Kunstminister auf dünnem Eis: Das Salz auf der Breze der bayerischen Hochkultur
München - Auf bairisch jemanden auf einen "Breznsalzer" zu nennen, grenzt an eine Beleidigung: Damit ist eine geistig wenig bewegliche Person gemeint. Insofern bewegte sich Bayerns Kunstminister Markus Blume auf dünnem Eis, als er in seiner Begrüßung auf der Terrasse des Hauses der Kunst die in der Pandemie durch die Schließung von Spielstätten stark gebeutelte Freie Szene als "Salz auf der Breze" lobte.
Was natürlich vor allem nett gemeint war: Ohne Salz schmeckt die Breze nicht. Und dass manchmal zu viel Salz auf der Breze ist, passt angesichts der Überproduktion im Frühsommer auch ganz gut. Weshalb wir in Zukunft die Körner - mit Gedanken an die Freie Szene - achtsamer von der Breze kratzen wollen.

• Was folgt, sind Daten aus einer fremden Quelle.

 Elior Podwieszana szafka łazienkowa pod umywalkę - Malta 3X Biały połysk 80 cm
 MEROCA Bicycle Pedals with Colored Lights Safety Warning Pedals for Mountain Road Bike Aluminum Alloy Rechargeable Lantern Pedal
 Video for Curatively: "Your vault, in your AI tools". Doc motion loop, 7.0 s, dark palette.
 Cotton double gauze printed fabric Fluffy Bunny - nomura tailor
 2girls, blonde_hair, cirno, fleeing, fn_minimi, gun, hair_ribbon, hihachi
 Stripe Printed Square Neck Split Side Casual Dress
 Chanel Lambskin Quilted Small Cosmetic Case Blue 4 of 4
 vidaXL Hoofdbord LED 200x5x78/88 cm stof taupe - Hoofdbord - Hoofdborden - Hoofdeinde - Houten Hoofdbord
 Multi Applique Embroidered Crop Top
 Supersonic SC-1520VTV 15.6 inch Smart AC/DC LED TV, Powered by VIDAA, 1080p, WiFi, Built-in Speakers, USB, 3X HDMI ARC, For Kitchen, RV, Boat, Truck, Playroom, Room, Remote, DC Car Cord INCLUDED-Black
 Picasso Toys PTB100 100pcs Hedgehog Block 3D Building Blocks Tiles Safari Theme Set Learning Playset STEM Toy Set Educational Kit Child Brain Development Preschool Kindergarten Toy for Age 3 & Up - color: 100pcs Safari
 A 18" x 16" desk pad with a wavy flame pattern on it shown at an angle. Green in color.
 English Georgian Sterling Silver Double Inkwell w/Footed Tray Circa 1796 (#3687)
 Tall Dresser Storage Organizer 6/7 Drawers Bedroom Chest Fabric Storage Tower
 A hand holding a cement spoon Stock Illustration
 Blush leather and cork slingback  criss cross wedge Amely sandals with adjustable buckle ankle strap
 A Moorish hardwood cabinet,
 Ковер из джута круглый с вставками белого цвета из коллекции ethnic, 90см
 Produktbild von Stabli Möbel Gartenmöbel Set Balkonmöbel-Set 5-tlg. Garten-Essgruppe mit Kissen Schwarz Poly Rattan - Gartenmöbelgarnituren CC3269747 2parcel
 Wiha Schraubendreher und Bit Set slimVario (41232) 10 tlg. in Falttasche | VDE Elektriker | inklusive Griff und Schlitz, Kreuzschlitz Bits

Ministerpräsident Söder lobt Minister Blume als "großes politisches Talent"
Blume hatte gemeinsam mit dem Ministerpräsidenten Markus Söder zu einer "Kultur-Sommer-Lounge" geladen: einem zwanglosen Termin für Künstler und Kulturpolitiker auf der Terrasse des Hauses der Kunst. Gedacht war es als Stimmungsaufheller nach der Corona-Zeit, in der sich berechtigter und unberechtigter Ärger angestaut hatte - vor allem bei den von Spielstättenschließungen betroffenen darstellenden Künstlern zwischen Klassik, Pop, Schauspiel und Kabarett.
Söder lobte seinen Minister als "großes politisches Talent". In seiner Begrüßung kündigte er an, dass er Schließungen und Lockdowns im kommenden Herbst vermeiden wolle. Ihm sei bewusst, dass sich der Kulturbereich gegenüber der Gastronomie und dem Fußball in den letzten zwei Jahren vernachlässigt gefühlt habe.
Der Ministerpräsident übte in diesem Punkt vorsichtige Selbstkritik, betonte aber auch, dass mit Hilfen nicht gespart worden sei. Er kritisierte in diesem Zusammenhang auch die Kommunen, die ihr Engagement trotz staatlicher Ausgleichszahlungen zurückgefahren hätten.
Haus der Kunst: Ausstellung "Nebel Leben" zieht auch museumsunwillige Leute an
In einem Nebensatz bezeichnete Söder die antisemitischen Vorfälle auf der Documenta in Kassel als inakzeptabel. Konkrete Aussagen zu aktuellen Projekten wie zum Stand der seit Jahren überfälligen Sanierung des Hauses der Kunst vermied der Ministerpräsident. Er stellte allerdings klar, dass ihm Investitionen in Köpfe gleich so wichtig sind wie die in Beton.
Andrea Lissoni, der künstlerische Geschäftsführer des Hauses der Kunst, betonte seinen Öffnungswillen für alle Schichten und Altersgruppen. Mit Fujiko Nakayas "Nebel Leben" hat er noch bis Ende des Monats eine Attraktion im Programm, die auch eher museumsunwillige Leute anzieht.
Die Sache mit dem Salz auf der Breze trägt eine tiefere Wahrheit in sich: Tatsächlich war die Förderung der Freien Szene in Bayern bisher kein Schwerpunkt der auf Institutionen wie Museen und Theater konzentrierten staatlichen Kulturpolitik. Schon vor der Pandemie setzte unter Blumes Vorgänger Bernd Sibler hier ein Bewusstseinswandel ein, der nun nicht mehr unumkehrbar scheint. Und das ist auch gut so: Salzlose Brezen sind fad.